Ultimately, NaPro could receive up to $48 million in developmental milestones - $38 million in cash and $10 million for the purchase of stock. Abbot also has pledged an additional $57 million in milestone payments if NaPro meets certain regulatory and sales goals. NaPro also has access to $20 million under a secured loan arrangement from Abbott, of Abbott Park, Ill.

In all, Abbott will own 2 million shares of NaPro common stock (including the 400,000 just bought), assuming developmental milestones are met. Abbott has agreed to pay a total of $10 million, or about $5 per share - more than double the current price. If the full financial and developmental stipulations are met, Abbott will end up with nearly 10 percent ownership in NaPro, Link said.

NaPro's (NASDAQ:NPRO) stock closed Monday at $2.406, up 28.13 cents.

The two companies have been working together for several months and have even been in talks with the FDA for a pre-pivotal trial meeting, Link said.

"We have three ongoing clinical studies that we are jointly developing," Link said. "We are not disclosing in what indications, other than to say they are in certain types of cancer. Nor are we saying when we expect for Abbott to file the NDA [new drug application]."

For Abbott, the deal facilitates an expansion of its oncology program.

"We see oncology and cardiology as clearly representing growth franchises, both in the hospital products division and Abbott in general," Abbott spokesman Matt Kuhn said. "Any opportunity to build upon this franchise is good news for us."

In addition to jointly conducting trials with Abbott, NaPro will supply the drug in bulk. Abbott will be responsible for the formulation, regulatory filings, marketing and sale of the product. NaPro will license to Abbott its paclitaxel-related patents, including 12 issued in the U.S. and nine pending, as well as about 90 issued or pending patents outside the U.S. that may apply within the U.S. and Canada.

Paclitaxel is a compound extracted from the bark of the Pacific yew tree. Bristol-Myers Squibb Co., of New York, has approvals to sell its product - Taxol - for treating certain types of advanced breast and ovarian cancer. Its antitumor activity was discovered more than 30 years ago during a large-scale plant-screening program sponsored by the National Cancer Institute (NCI).

In 1979, scientists found that paclitaxel has a unique mechanism for preventing the growth of cancer cells. The compound affects fiber-like cell structures called microtubules, which play an important role in cell division and other cell functions. In the presence of paclitaxel, cancer cells are so congested with microtubules they stop growing and dividing.

Bristol-Myers Squibb was selected by the NCI to be its commercial partner in developing paclitaxel. Under the brand name Taxol, BMS made Taxol its priority research and development project in 1991. Ever since the drug was first approved in 1992, BMS has been vigilant in protecting the patent, which doesn't expire until 2012.

"We spent a lot in patent and legal work fighting Bristol-Myers in Europe and elsewhere," Link said. "There is no patent on composition or on the composition of the molecule itself.
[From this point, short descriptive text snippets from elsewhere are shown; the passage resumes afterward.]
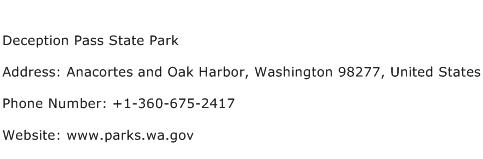 Deception Pass State Park Address Contact Number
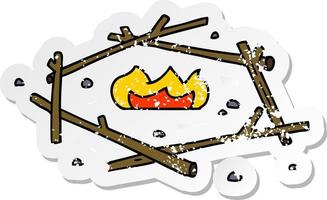 Distressed Sticker Cartoon Doodle eines Lagerfeuers vektor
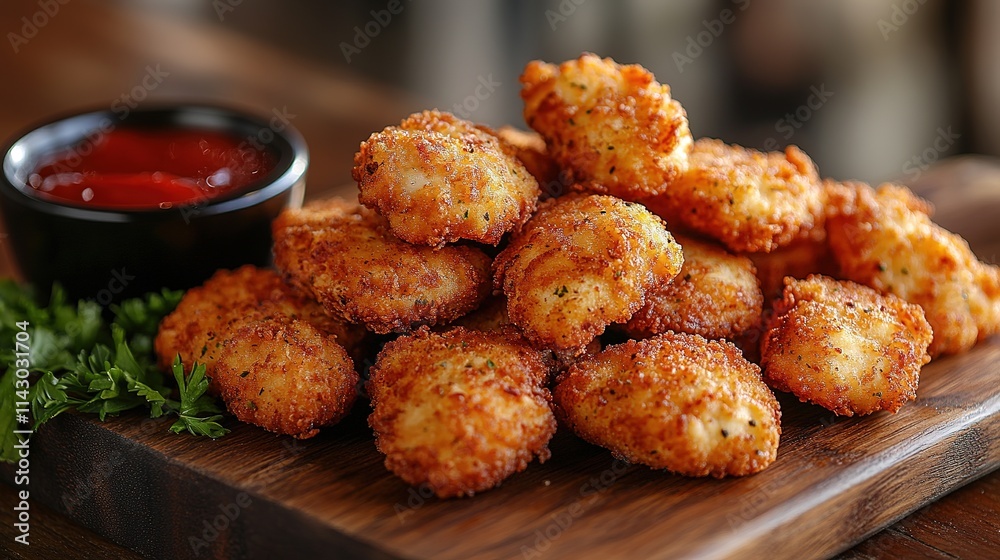 Breaded chicken strips or nuggets with two kinds of sauces and fried potatoes on a wooden Board. Fast food on dark brown background. with copy space Breaded chicken strips or nuggets with two kinds of sauces and fried potatoes on a wooden Board. Fast food on dark brown background. with copy space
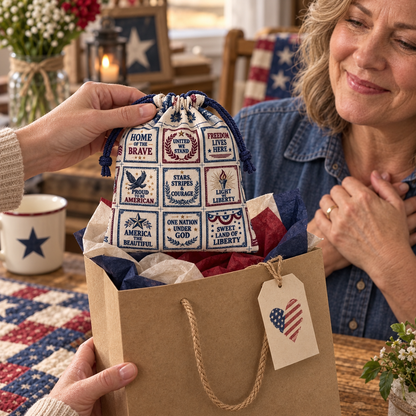 🇺🇸 Patriotic Pocket Prayers Fabric Panel – 30 Inspirational Americana Sewing Squares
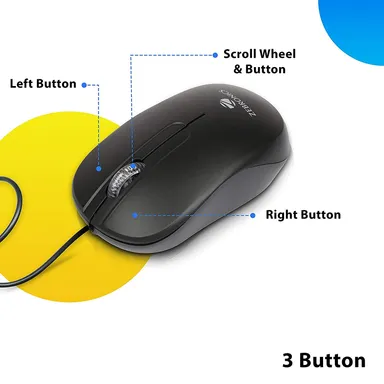 ZEBRONICS Zeb Sprint USB Optical Mouse | Ergonomic, High Precision 1200 DPI Mouse with Three Buttons for PC and Gaming thumbnail 1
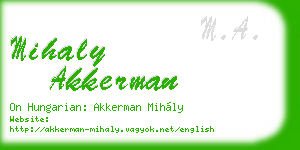 mihaly akkerman business card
But there are patents on the formulation of paclitaxel and in the way it is administered to people. We expect our patents to be free of any conflict but we also expect Bristol-Myers to do everything they can to block us."

For its part, Abbott is confident of NaPro's situation.

"We looked closely at this issue, obviously," Kuhn said. "We are aware of all the patents and we do not see any infringement issues. We believe the patent situation allows for many layers of protection."

Separately, NaPro will use some of the cash to redeem $2.2 million of the remaining $3.3 million of outstanding principal and shares of its 5 percent senior convertible notes and its Series C convertible preferred stock, costing the company $3.1 million.